練習の後、僕が蓋をちゃんと閉じないでケースを持ち上げたものだから、楽器がケースから転がり出て床に落っこちてしまったことがあった。
当然、大きなへこみができた。音も出ない。

こんな間抜けなことをしたのは初めてで、「オレもヤキが回った。もうこれまでか」と諦めかけたが、小田桐工房でなおしてもらった。
その楽器でその後何回も本番をこなしています。
傷の場所もほとんど分からない。

ケースの蓋をちゃんと閉めなかった僕は、本当にアホウです。
このときは運良く助かったが、二度とせぬよう肝に銘じている。
なんと、僕のメインの楽器(sop. alt. ten.)はみんな10年選手です。
ネックとマウスピースはひんぱんに取り換えていますが、本体の方はキーのガタツキなどもない。

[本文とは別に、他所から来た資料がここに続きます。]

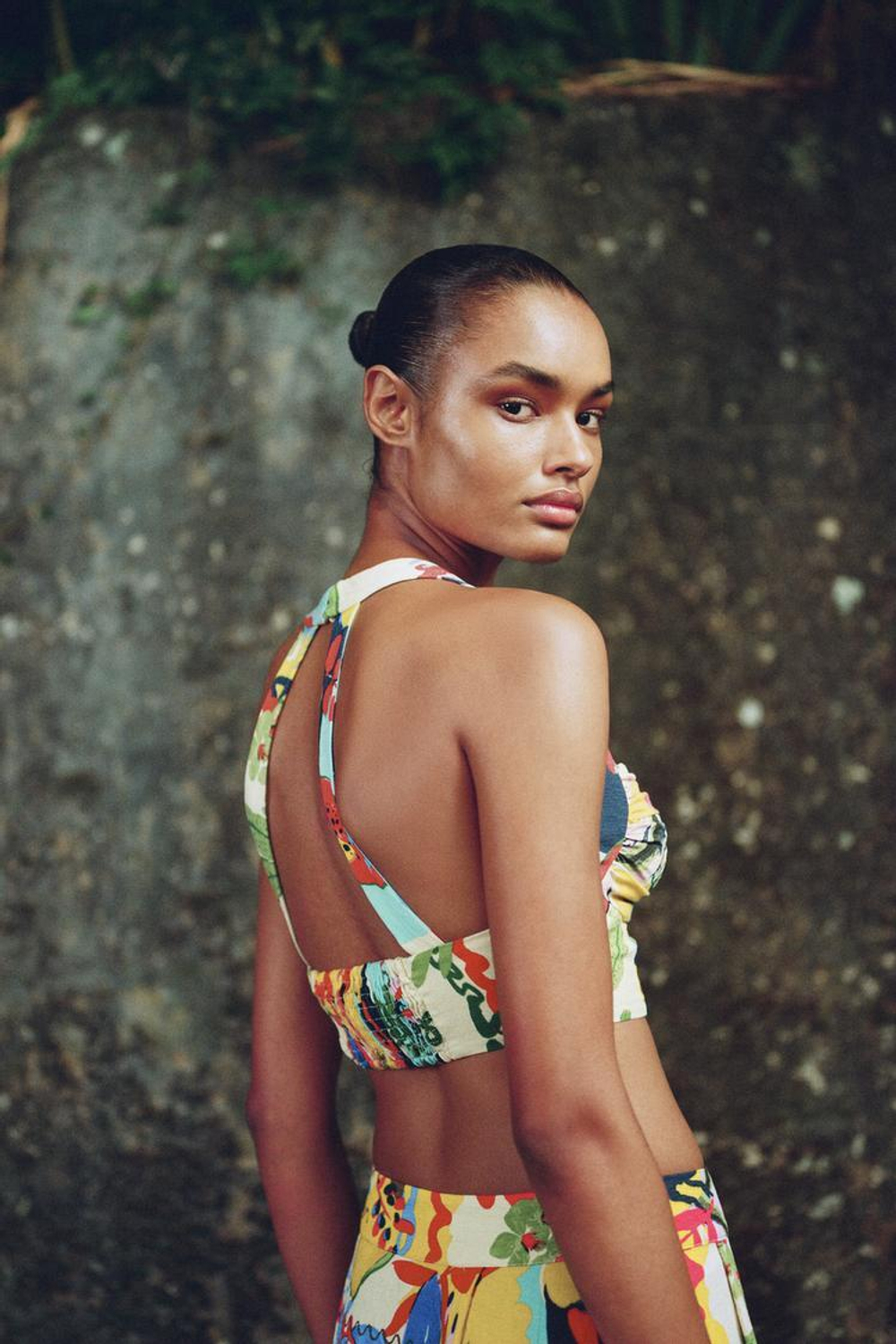 ZARA КОРОТКИЙ ТОП С ПРИНТОМ, РАЗНОЦВЕТНЫЙ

それに比べて、自分の体の方はあちこちガタが来はじめた。
楽器がくたばるのが早いか、こっちがくたばるのが早いか。

自分の体もいたわりつつ、楽器は大切にしていきたい。


2004/06/21(月)  新しいリンク
「サックスリペアの小田桐工房」をリンクしました。
メンバー全員、よく彼のお世話になっています。

練習していて、調子の悪さが、自分由来か楽器由来か分からないときは、とりあえずリペアマンにすがります。
楽器をバッチリにしておけば、安心して練習に邁進できるというものです。
疑心暗鬼のまま、低音のアタックの練習などできっこない。良いリードも見つからない。悪循環が始まるきっかけになってしまう。

本当に上手いプレーヤーが数少ないように、腕の確かなリペアマンもたくさんはいません。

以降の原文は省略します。